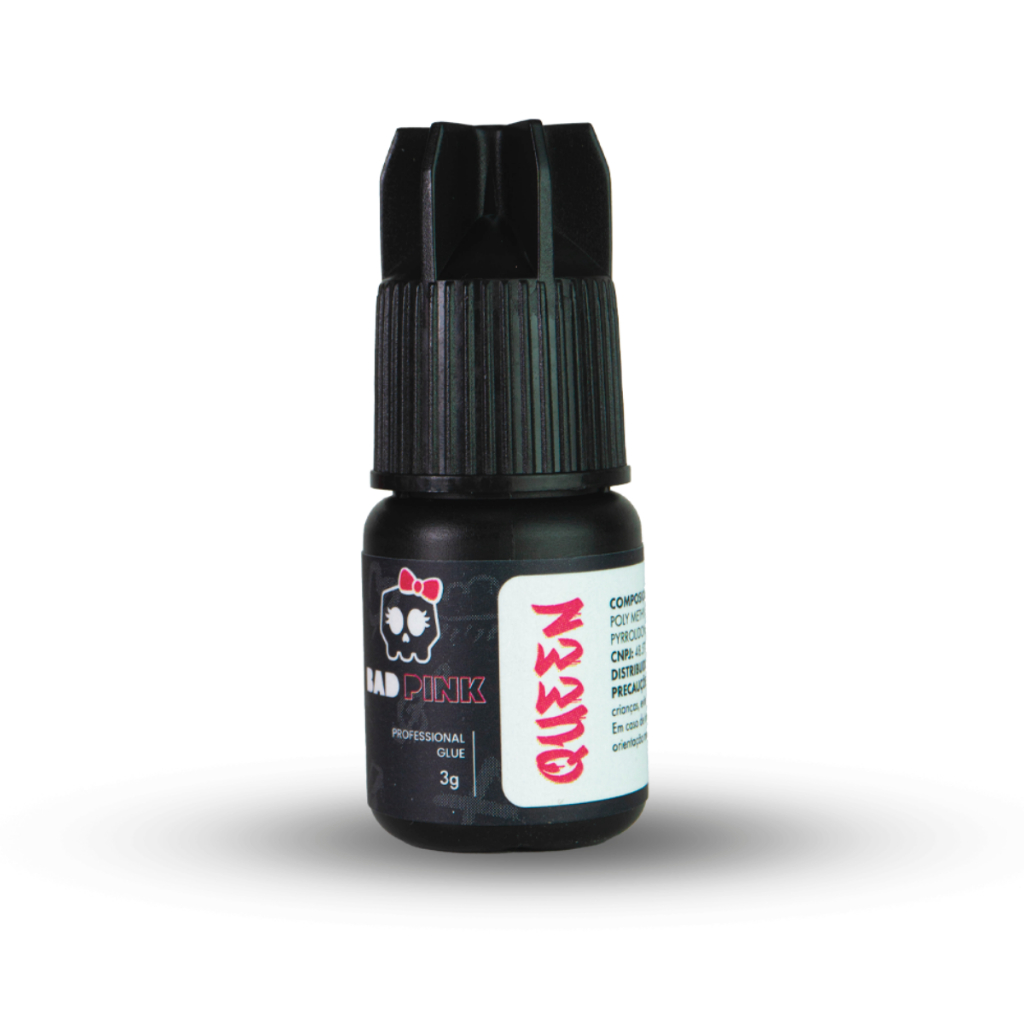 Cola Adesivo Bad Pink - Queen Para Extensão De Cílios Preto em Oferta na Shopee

...

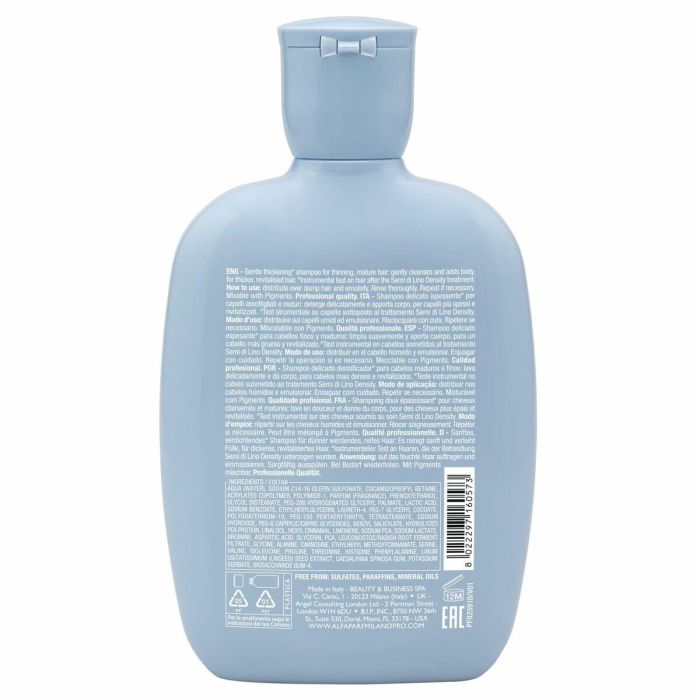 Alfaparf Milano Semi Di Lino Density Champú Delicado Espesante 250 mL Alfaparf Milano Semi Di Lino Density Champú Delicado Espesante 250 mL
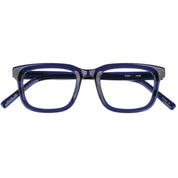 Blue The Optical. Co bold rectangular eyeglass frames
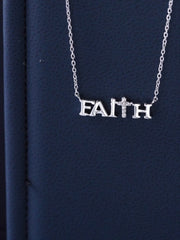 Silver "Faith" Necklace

* * *

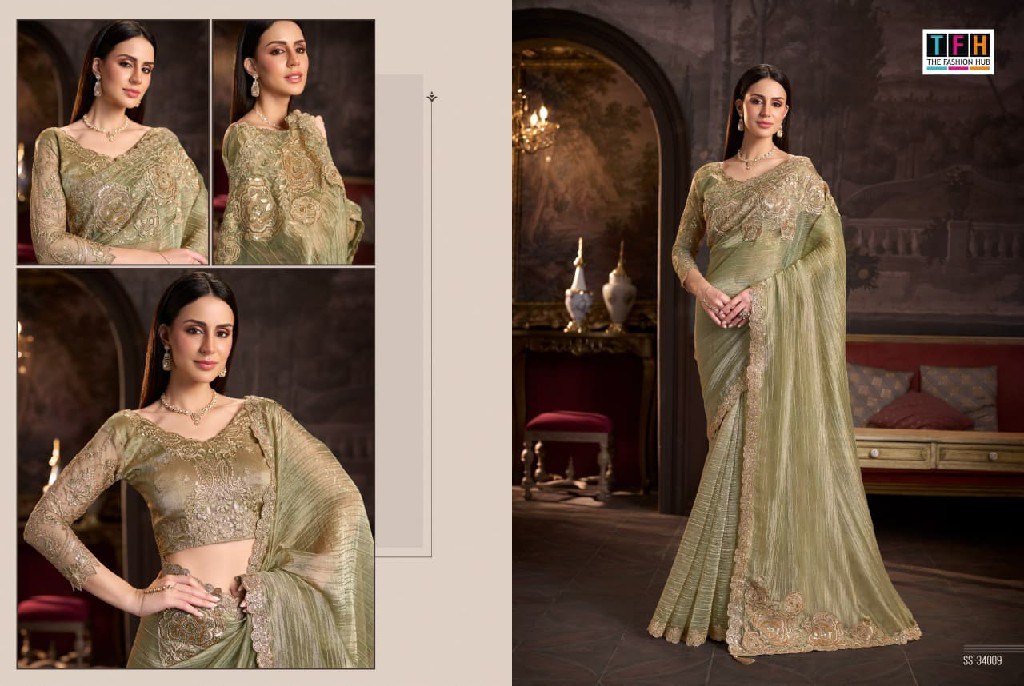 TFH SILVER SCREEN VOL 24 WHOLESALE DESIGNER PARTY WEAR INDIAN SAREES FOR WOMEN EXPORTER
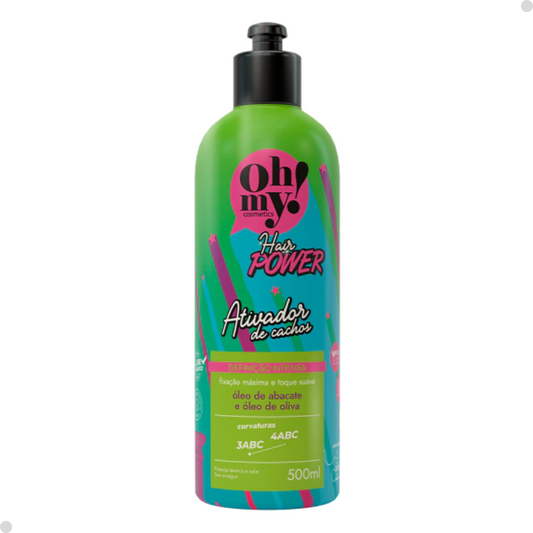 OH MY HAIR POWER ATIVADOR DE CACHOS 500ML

AIM OF THE TASK: Of the records above, print only the lines from the one containing "TFH SILVER SCREEN" through the one containing "OH MY HAIR POWER ATIVADOR DE CACHOS 500ML", inclusive and unaltered, leaving out pictures.

SOLUTION FOR THIS TASK:
 TFH SILVER SCREEN VOL 24 WHOLESALE DESIGNER PARTY WEAR INDIAN SAREES FOR WOMEN EXPORTER
 OH MY HAIR POWER ATIVADOR DE CACHOS 500ML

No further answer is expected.